Fishing was tough from the bank as the underfoot conditions were difficult with rutted bog, high slopes and rock. I was informed a few day earlier that the next loch further up was better for bank fishing however it took me long enough to get to the first loch. I couldn't get to the area I wanted to fish as I couldn't get across the burn as it was running fast and high and I was just in my wellies. Eventually I reached  the West shore where a big burn rushes in and managed to spend some time around that area starting off with a floating line then switching to a sink tip but all to no avail.
I really didn't  fish it hard and was just contented admiring the wonderful scenery.
Time was limited as It was a two hour walk for me back down  to the car.
On the way back I saw two mountain goats which bolted when startled!
Thankfully and much to my relief there was no sign of the Coos!
The walk back was horrendous I slipped and fell all over the place on the way down until I made it back to the forest track and then the car!
The scenery on the other hand made it all worthwhile!
Hope to return to this area next year in the early summer and hopefully have a tale or two to tell of troot!

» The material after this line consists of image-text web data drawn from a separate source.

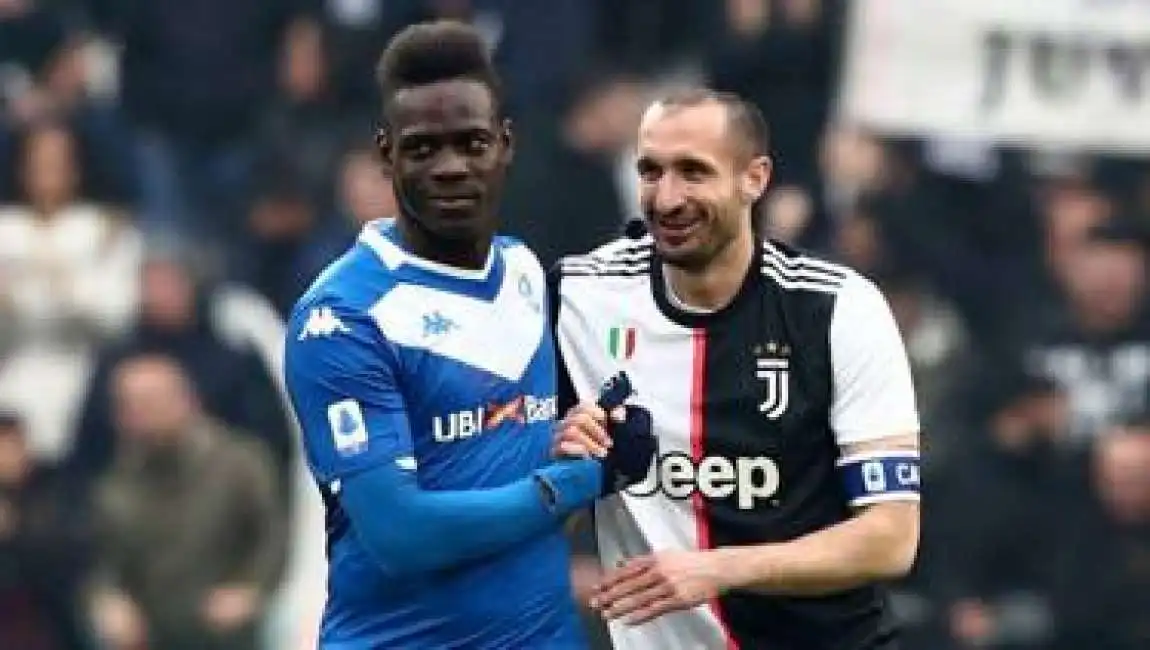 balotelli chiellini 3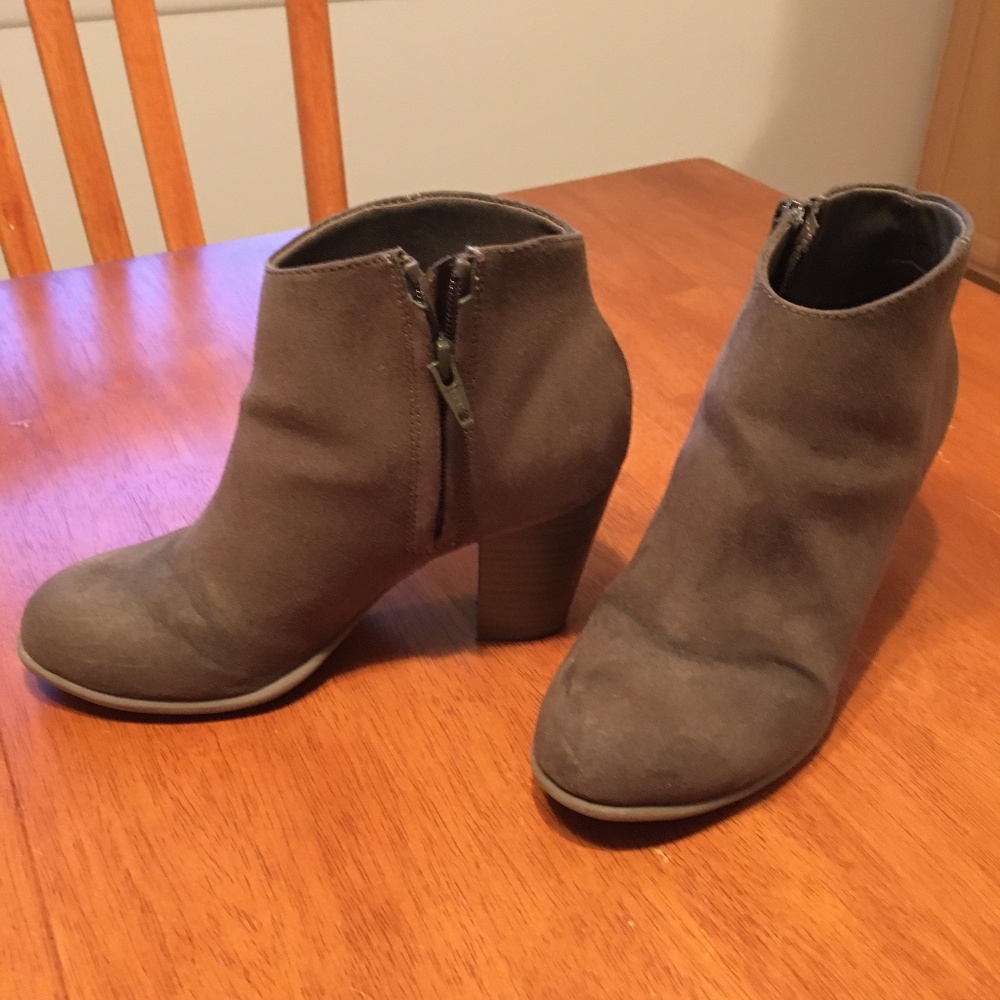 Suede Olive Green Block Heel Zip Booties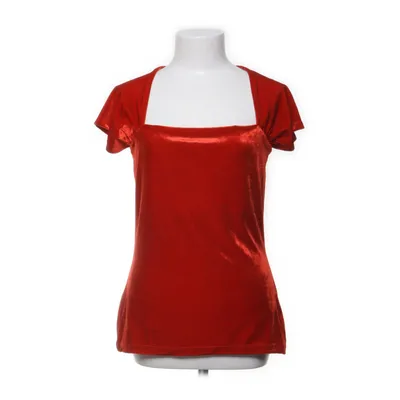 Crop top (Red) from Sisters Elastane, Polyester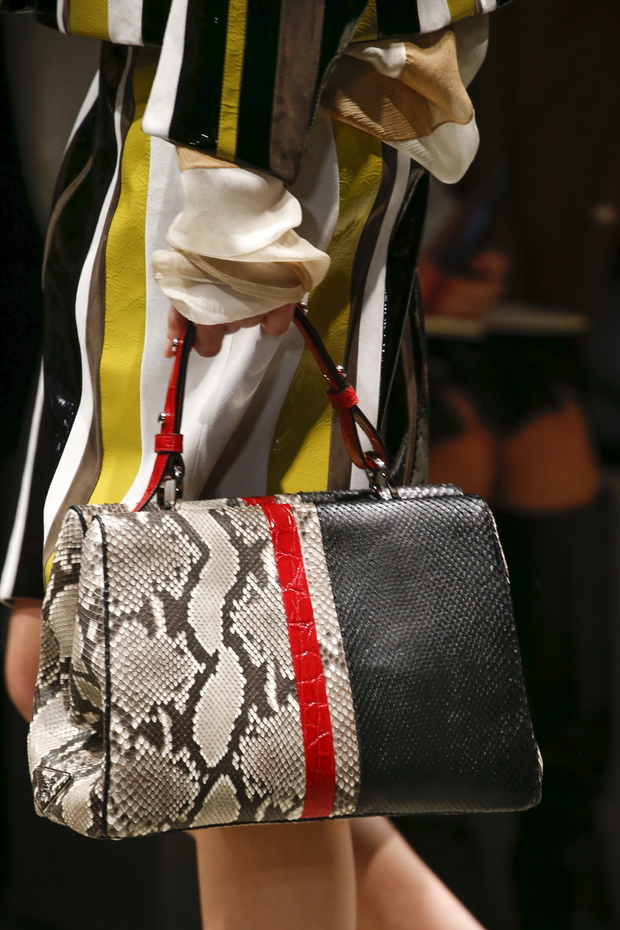 Detale na pokazie Prada SS 2016 na Milan Fashion Week, fot. indigital images_A2X0351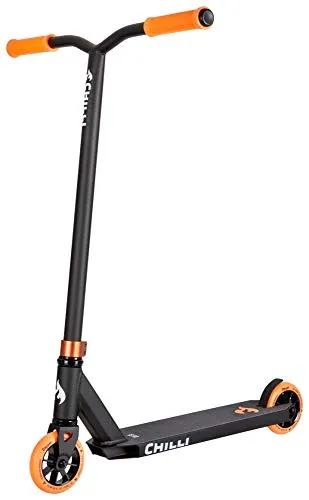 Chilli Base Black/Orange Stunt Scooter - Einsteiger Stunt Scooter in stylischem Schwarz und Orange, ideal für Anfänger, die ihre ersten Tricks lernen möchten.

Wednesday, 19 September 2018

At the vice again!

I'm yearning to travel to the southwest corner of Scotland to have a last cast at the troot before the season ends.
With this I  mind I've being tying a few flies for a trip to a couple of hill lochs that are on my radar!

Monday, 17 September 2018

A Zulu from Orkney!

Came across a pattern called the Orkney peach tailed coch zulu (which is a bit of a mouthful for a human never mind a troot) online tonight. Its  a pattern I don't have so I tied one up however I didn't have any peach so a light orange tail will have to do! Looks like a useful and  interesting pattern to have in the box!

Wednesday, 12 September 2018

Fiery Brown Bumble

I'm really quite keen to get another fishing trip in before the season ends but don't know where or when I'm going to get the opportunity to do so as I'm a bit busy at present. In the meantime I'm trying to temper my enthusiasm by spending some time at the vice.
Today I tied a couple of fiery brown bumbles.